Nous assistons alors à un « conjointement de la voûte ». Les deux arcs nord et sud vont se rejoindre sur la même clef de voûte : la tradition occidentale chevaleresque devenue "templière" et la tradition orientale du Temple ont pour clef commune Jérusalem et la fontaine de Siloé.
La tradition chevaleresque de l’Occident et la fotowwat (Compagnons Chevaliers) de la tradition orientale vont mêler leurs souffles sous la muraille du temple et au Dôme du rocher. Mûrit alors dans l’inconscient et dans les récits, l’image archétype du Temple – en Orient comme en Occident – . Cette image archétypale n’est pas séparable de la méthode des bâtisseurs et de celle des chevaliers, et aboutira dans ses plus hauts degrés à une méthode « contemplative » visant l’image sublimée, la légende et la répétition.

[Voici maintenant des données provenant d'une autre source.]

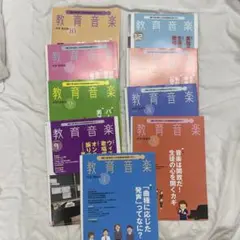 いつでも君を待っている DVD 全10巻 全巻セット 華流ドラマ - メルカリ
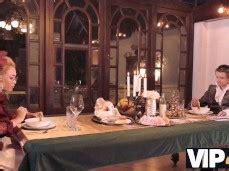 gramli hot G 19y о With Good Ass Chat Porn Pornhub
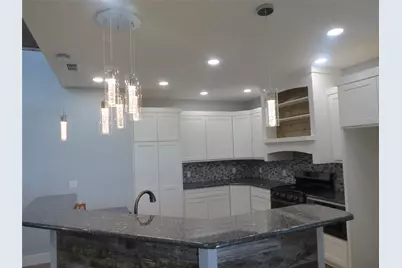 2800 County Road 2330, Mineola, TX 75773 - Photo 8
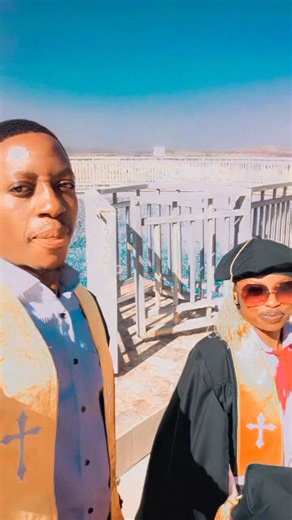 DAY 1 Plateau state Unity carols💯✅♥️ Two handsome guys with two beautiful ladies🥰🔥 | Jairus John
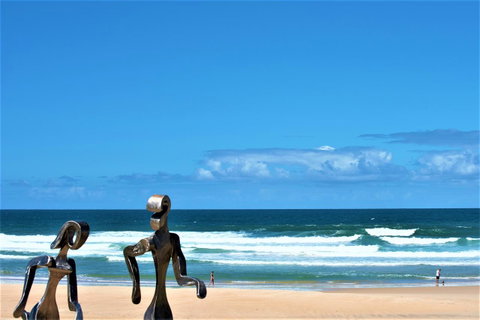 Grande Florida Beachside Resort - Accommodation Adelaide 23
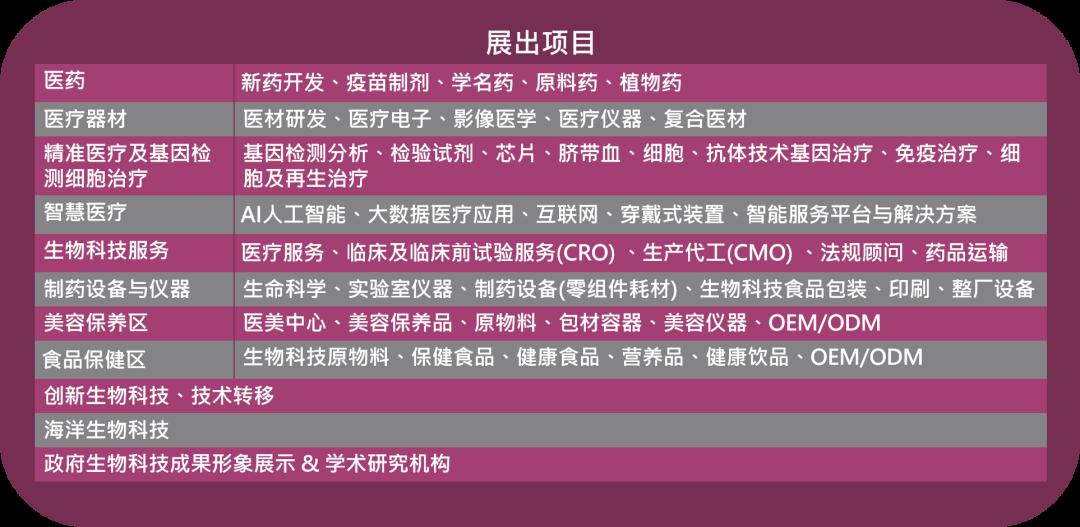 香港今晚开特马+开奖结果66期,先进技术执行分析_Linux61.979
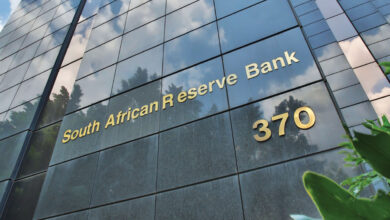 south africa reserve bank sarb hq pretoria 3 Easy Resize.com Detafour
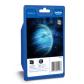 brother-toner-cartucho-de-tinta-negro-mfcj6510dw-mfcj6710dw-mfcj6910dw-2400-pag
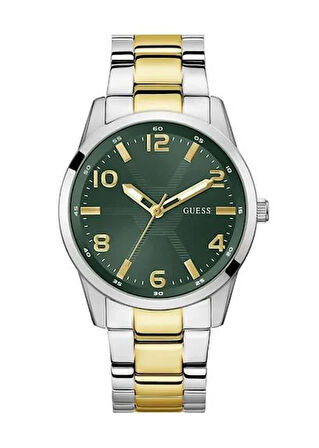 Guess GUGW0804G4 Erkek Kol Saati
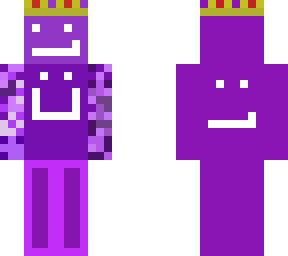 purplethebot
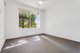 Photo - 4 Rosa Court, Narangba QLD 4504 - Image 13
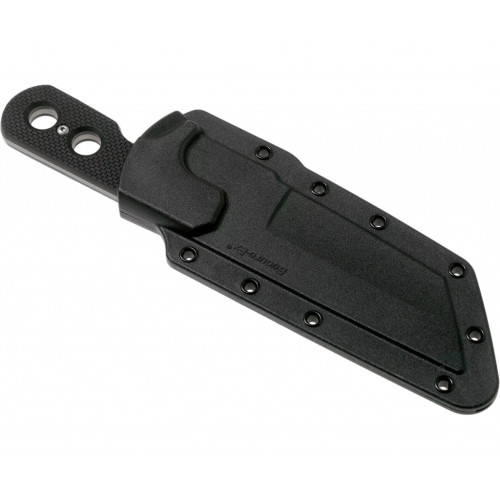 Ніж Cold Steel Mini Tac Tanto (CS-49HTF)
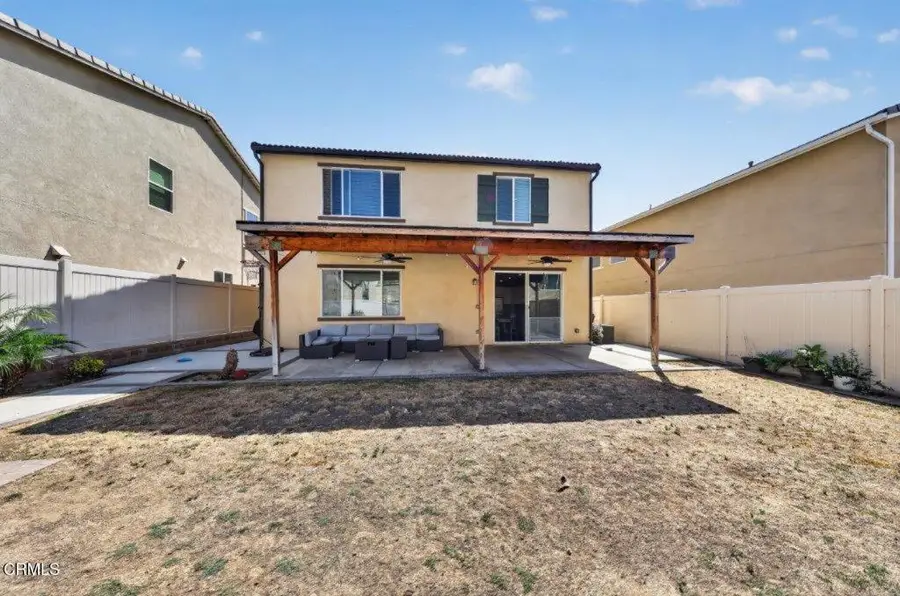 450 Lisbon Place, Santa Paula, CA 93060 - #3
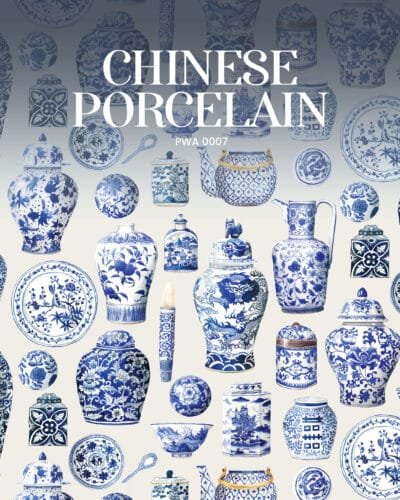 Chinese Porcelain - Image 5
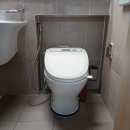 한라비발디캠퍼스3차(한라비발디3차) | 시흥시 변기교체 후기｜시흥시 배곧동 시흥배곧한라비발디캠퍼스3차 이바스 ETC-210 치마형 투피스 변기...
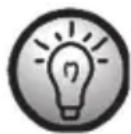 SILVERCREST SLSN 3 B2 - Mise en place/changement des piles - 1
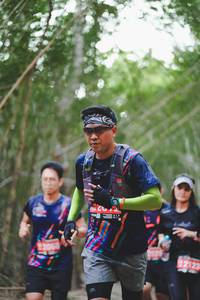 BIB: 212
                            <button type="button" onclick="openModal(4531930)" class="btn btn-primary btn-sm float-right btn-popup" data-toggle="modal" data-target=".modal-high-quality">
                        <i class="fas fa-shopping-cart"></i> Add to Cart
                    </button>
                                            <button type="button" onclick="isThisMe(4531930, true)" class="btn btn-success btn-sm float-right btn-popup btn-isme hidden" data-toggle="tooltip" data-placement="bottom" title="นี่คือรูปของคุณใช่ไหม คลิกที่นี่เพื่อเอาเข้าอัลบั้ม">
                        <i class="fas fa-plus"></i> Add to album
                    </button>
                    <button type="button" onclick="isThisMe(4531930, false)" class="btn btn-warning btn-sm float-right btn-popup btn-isnotme hidden">
                        <i class="fas fa-ban"></i> Remove from album
                    </button>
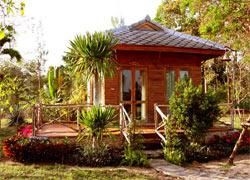 Siam Society Beach Resort3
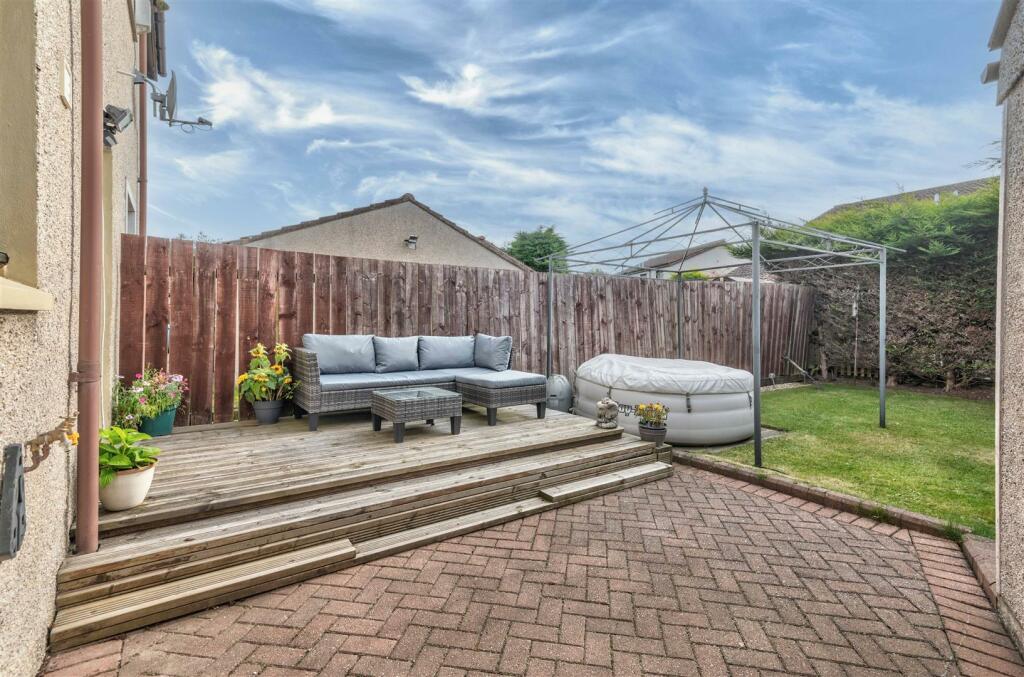 Additional image 10 of Belltree Gardens, Broughty Ferry, Dundee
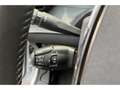 Peugeot 208 ALLURE Blanc - thumbnail 22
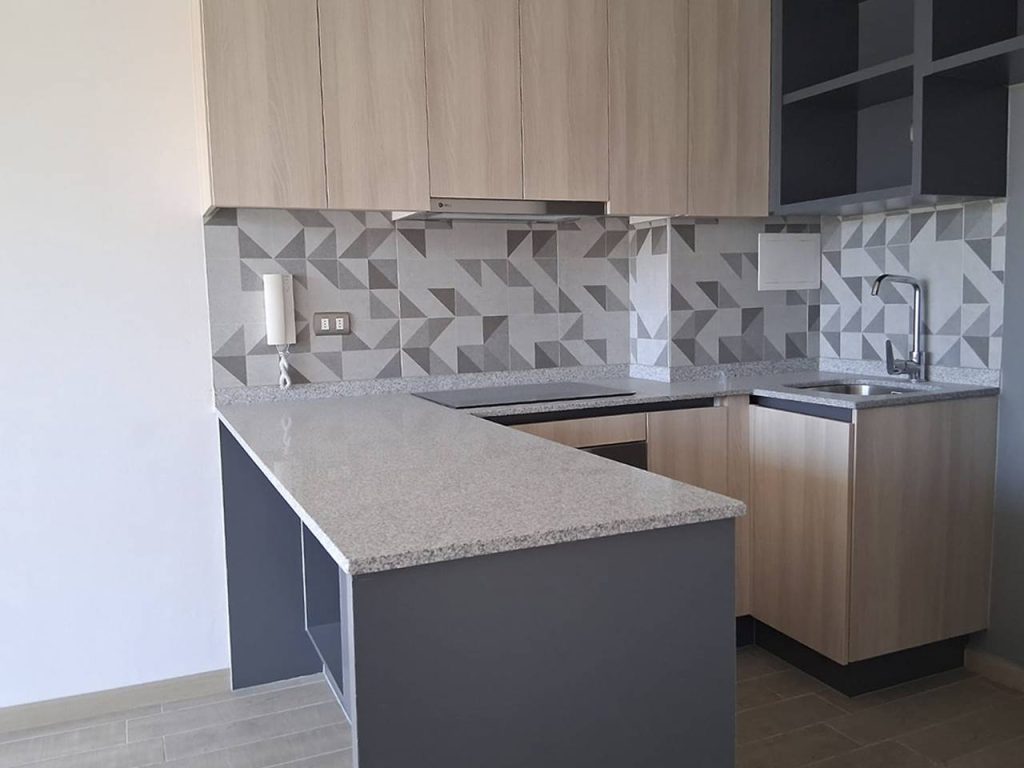 Departamento_Estacion Central9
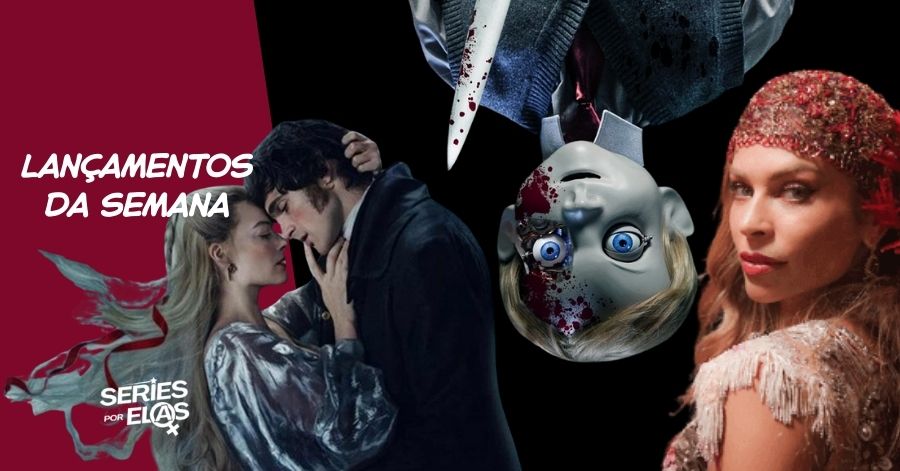 LANCAMENTOS-DA-SEMANA-09-02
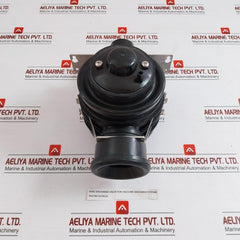 Discharge Valve For Vacuum Discharge System Evac 5179210
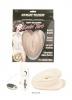 Masturbátor Magic flesh Lovin tart Masturbátor Magic flesh Lovin tart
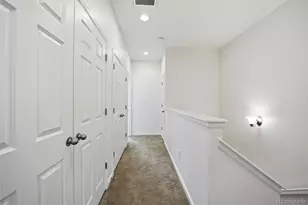 14700 E 104th Ave, Commerce City, CO 80022 - Photo 17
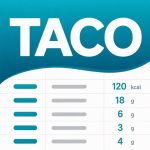 Tabela Taco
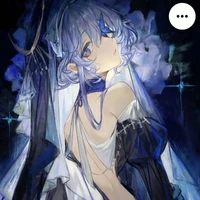 Điệp Hồn (Hồ Hồ)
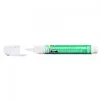 STANGER Correction Pen CP100, 7 ml, 1 szt. 18000500012
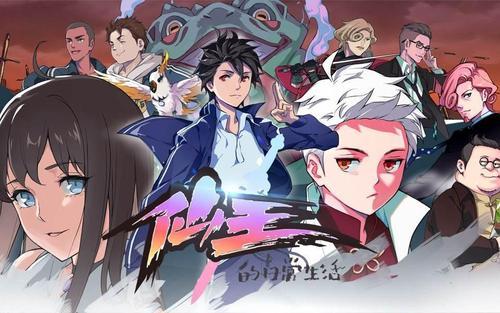 get_img?key=695cb93a9ed2ff4c0c9c63aa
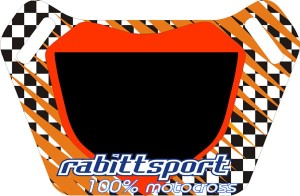 PITBOARD #0110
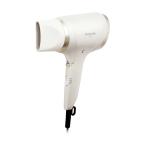 ヘアドライヤー ホワイト コイズミ 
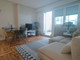 Mieszkanie do wynajęcia - Madrid, Hiszpania, 75 m², 2383 USD (9605 PLN), NET-97936324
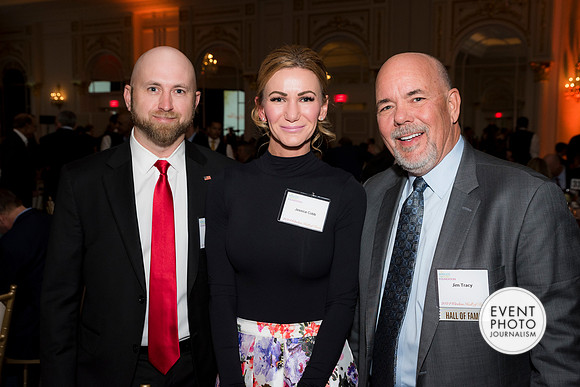 0413__10-15-24_Wireless-History-Foundation-EventPhotojournalism-Washington-DC-event-photographers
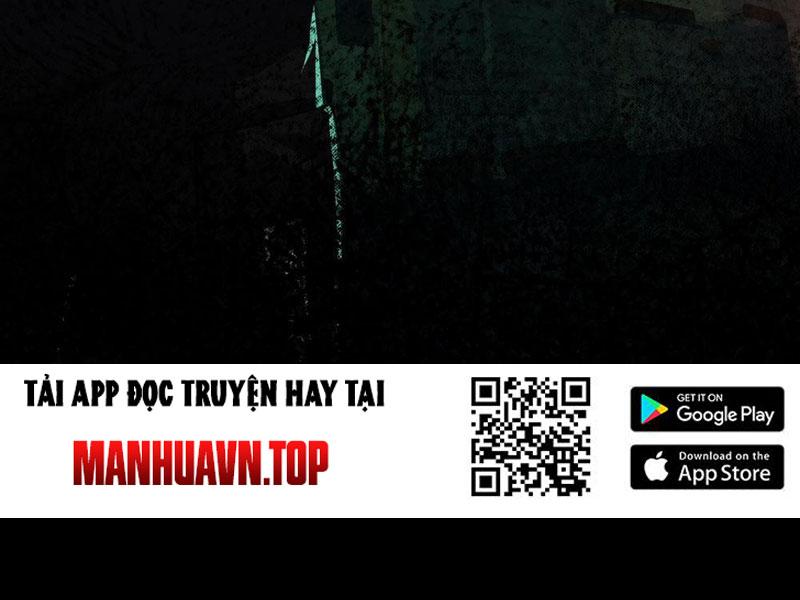 Toàn Cầu Kinh Dị: Ta Mở Ra Thương Thành Tự Do Hack Chapter 4 - Trang 2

Finalement « le con-templateur, la con-templation et le Temple ne font qu’un » selon Henri Corbin.
Ainsi nous avons un Temple avec trois enceintes, ce qui veut dire que nous avons 3 Temples : le Temple d’Hénoch le plus proche des temps premiers, il sera celui de l’ontologie, le Temple de Salomon bâtit suivant les plans ou pendant la construction « on entendit ni marteau, ni pics ni outils en fer » R6,7, puis nous aurons le Temple de Zorobabel, celui de la reconstruction. L’image chrétienne se résume dans le Temple de Jérusalem qui sera celui centre, « point de liberté » en jonction entre la Jérusalem terrestre et la Jérusalem céleste.
Ces trois constructions sont bâties dans la représentation mentale du franc-maçon qui fera le lien entre le haut et le bas, entre la chute et la réintégration. Cette espace médiateur nous revient par la planche à tracer des maîtres qui fera devenir réalité ce qui y est tracé par le doigt divin, soit une représentation sublime qui reste à déchiffrer.
C’est le pouvoir contemplatif qui construit le Temple en soi. Il s’agit donc d’une vision intégrative du sacré propre au chevalier comme au maçon. Elle peut être mystique et ésotérique. Alors le Temple dressé dans l’Imaginaire par la représentation mentale devient ainsi Porte du Ciel. C’est ainsi que la transcendance se manifeste en nous. C’est notre temple intérieur qui « prends corps ».